Now walking has become a creative activity for the majority as a means of both exercise and making precious social contact with others, both planned and casual. 

The book lacks what has kept many people going during a period dominated by screens – conversations with others while out on meanders. 

“Looking” is deemed more important, possibly because it connects in a more direct way with the aesthetics of reading. 

For the places in which MacDonald wanders most confidently are literary locations, including a Le Corbusier house with horizontal windows that restrict the inhabitants’ views of the sea and sky.

Even though the partial perspective and lack of clarity are confusing to the protagonist of OK, Mr Field, he finds they create room for fantasy. When he unscrews the windows and the wind blows in the glass he is more susceptible to the world, according to MacDonald.

This is a lovely metaphor that challenges the view of a human as a French-inspired flaneur, blithely collecting observations and impressions on the path through life, in favour of one being overwhelmed by it.
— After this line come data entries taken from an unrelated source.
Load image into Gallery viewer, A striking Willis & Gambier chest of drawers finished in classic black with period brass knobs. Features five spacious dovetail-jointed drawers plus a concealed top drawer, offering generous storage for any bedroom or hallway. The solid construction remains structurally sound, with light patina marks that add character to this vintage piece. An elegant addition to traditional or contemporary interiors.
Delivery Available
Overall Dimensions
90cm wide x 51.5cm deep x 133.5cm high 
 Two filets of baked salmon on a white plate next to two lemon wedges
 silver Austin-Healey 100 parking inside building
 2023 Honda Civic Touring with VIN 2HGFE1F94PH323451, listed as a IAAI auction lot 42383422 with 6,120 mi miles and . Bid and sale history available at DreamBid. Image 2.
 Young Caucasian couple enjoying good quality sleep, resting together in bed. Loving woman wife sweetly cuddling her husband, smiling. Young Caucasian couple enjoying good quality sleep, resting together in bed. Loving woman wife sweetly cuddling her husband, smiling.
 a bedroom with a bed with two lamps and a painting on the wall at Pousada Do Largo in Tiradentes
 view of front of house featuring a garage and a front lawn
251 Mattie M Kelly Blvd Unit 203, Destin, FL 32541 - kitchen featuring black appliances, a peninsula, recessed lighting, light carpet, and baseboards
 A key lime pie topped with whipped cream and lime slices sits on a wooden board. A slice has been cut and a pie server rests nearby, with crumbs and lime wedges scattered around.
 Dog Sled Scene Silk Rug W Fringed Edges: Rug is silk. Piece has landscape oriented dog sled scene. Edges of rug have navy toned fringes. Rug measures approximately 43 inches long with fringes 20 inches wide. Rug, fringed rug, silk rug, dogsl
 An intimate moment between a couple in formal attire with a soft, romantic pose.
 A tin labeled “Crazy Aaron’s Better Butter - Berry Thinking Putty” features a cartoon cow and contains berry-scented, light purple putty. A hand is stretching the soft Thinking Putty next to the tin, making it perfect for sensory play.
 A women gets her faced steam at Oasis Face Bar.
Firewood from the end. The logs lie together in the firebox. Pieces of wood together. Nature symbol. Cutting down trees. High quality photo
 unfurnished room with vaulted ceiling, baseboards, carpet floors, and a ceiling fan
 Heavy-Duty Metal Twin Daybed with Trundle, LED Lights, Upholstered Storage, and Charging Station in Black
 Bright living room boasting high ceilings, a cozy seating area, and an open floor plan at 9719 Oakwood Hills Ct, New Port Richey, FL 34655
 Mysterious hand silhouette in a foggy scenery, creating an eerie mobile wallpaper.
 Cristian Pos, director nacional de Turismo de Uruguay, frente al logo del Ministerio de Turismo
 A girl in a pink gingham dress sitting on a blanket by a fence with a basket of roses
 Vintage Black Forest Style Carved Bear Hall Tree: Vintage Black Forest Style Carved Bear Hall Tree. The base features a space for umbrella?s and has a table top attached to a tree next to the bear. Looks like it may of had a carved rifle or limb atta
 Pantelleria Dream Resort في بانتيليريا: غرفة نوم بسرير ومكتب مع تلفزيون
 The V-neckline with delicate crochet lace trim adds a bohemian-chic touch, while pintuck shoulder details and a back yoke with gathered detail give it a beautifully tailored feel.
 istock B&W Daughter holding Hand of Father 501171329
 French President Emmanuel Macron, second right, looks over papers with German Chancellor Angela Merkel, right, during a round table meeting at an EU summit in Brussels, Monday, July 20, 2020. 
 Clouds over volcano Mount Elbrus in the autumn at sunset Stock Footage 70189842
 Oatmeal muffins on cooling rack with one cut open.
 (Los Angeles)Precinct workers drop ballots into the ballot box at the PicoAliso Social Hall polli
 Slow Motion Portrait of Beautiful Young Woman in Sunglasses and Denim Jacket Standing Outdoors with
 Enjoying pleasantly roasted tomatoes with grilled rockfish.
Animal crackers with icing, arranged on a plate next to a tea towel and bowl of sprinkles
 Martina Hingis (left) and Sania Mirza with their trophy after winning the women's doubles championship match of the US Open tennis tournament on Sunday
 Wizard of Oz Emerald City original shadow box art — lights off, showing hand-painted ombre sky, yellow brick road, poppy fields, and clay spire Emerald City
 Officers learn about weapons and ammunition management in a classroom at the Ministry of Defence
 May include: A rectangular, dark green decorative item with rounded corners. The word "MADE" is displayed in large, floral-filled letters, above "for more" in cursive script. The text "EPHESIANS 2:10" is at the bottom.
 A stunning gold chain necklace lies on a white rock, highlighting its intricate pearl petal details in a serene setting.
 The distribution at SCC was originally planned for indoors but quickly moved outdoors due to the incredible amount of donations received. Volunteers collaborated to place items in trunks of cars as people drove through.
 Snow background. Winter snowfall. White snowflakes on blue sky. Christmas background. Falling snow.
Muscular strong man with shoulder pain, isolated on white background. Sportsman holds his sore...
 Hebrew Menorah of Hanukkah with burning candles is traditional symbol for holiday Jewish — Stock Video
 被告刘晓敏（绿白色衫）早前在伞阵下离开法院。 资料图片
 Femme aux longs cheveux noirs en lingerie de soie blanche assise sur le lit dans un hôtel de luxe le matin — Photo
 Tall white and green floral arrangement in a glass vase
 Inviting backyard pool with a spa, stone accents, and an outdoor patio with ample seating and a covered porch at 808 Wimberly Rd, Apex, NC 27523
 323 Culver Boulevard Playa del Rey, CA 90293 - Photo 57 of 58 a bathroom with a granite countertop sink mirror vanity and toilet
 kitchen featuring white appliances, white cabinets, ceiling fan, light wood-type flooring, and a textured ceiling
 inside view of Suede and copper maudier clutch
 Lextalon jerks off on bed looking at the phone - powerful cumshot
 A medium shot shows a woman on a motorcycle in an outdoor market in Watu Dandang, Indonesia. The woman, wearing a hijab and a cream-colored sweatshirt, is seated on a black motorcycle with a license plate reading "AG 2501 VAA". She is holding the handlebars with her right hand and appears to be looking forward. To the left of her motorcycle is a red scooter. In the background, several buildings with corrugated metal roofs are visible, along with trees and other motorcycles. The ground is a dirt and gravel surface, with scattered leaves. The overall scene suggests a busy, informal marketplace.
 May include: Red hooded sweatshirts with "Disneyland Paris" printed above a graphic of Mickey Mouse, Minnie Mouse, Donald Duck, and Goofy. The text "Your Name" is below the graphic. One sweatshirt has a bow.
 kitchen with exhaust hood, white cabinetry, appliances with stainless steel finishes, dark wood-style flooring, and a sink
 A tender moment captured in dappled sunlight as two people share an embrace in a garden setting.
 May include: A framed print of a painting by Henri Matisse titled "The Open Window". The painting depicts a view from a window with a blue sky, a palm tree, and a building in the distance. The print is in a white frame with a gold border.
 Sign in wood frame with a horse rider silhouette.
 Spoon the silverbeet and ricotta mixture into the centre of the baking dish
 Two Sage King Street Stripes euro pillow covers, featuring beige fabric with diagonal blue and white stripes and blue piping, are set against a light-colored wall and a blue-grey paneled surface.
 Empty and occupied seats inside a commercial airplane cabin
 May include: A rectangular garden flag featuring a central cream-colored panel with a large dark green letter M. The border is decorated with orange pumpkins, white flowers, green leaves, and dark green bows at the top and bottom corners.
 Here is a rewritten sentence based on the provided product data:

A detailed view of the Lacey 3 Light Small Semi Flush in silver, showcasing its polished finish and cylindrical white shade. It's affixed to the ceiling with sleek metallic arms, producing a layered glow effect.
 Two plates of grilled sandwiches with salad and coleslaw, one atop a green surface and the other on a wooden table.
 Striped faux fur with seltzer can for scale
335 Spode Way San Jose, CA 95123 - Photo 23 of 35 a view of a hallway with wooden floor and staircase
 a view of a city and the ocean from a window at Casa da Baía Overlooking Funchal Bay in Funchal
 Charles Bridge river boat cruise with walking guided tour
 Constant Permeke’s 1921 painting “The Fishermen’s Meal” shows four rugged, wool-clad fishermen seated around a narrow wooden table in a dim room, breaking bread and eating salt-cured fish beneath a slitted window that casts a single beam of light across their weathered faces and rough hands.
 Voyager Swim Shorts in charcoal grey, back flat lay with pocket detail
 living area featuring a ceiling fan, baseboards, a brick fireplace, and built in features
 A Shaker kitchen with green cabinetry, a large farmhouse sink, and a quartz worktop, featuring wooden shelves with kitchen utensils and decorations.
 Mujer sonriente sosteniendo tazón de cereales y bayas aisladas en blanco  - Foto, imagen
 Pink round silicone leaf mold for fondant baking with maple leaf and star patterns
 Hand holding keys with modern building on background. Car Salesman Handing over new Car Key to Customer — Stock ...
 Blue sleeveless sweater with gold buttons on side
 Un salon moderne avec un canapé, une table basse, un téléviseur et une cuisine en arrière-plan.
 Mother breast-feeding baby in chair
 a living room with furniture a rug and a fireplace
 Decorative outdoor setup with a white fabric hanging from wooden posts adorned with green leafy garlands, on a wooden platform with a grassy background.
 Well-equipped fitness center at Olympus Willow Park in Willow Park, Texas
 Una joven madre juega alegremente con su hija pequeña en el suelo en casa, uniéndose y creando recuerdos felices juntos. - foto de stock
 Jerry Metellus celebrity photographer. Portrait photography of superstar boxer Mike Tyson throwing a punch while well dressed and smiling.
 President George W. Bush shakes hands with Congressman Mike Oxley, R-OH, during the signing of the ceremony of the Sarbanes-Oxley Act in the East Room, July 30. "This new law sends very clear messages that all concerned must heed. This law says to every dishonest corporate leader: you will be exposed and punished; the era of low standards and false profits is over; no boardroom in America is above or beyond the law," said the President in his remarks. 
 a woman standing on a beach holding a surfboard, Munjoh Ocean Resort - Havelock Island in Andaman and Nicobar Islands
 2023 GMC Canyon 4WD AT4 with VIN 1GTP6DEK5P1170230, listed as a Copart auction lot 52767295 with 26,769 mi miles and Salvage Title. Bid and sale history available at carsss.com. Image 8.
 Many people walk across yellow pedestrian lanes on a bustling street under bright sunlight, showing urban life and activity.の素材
MacDonald, unsurprisingly given her profession, loves text and narrative and the claim at the beginning of the book that she is more in the world than the word is strange.

By the eighth essay she is writing about twists of fate and strange doublings, storytelling strategies and postmodern games as she examines the subjectivities of the protagonists from the books she has reviewed. 

Many ideas are explored, including some relevant to our current situation.

A protagonist from a short story in Southerly finds his conversations by Skype strangely empty and the moment he turns on his tablet he resents his own company.

By contrast, working with his hands to renovate his house “makes him feel real”.

An essay on The Lonely City provides a definition of being lonely as a desire for intimacy that is not fulfilled and in another on following the literary trail MacDonald castigates herself for not respecting the privacy of an author.

Books can fill this complex space between the company of people and the company of self and the views of this well-read bookseller are precious at a time like this.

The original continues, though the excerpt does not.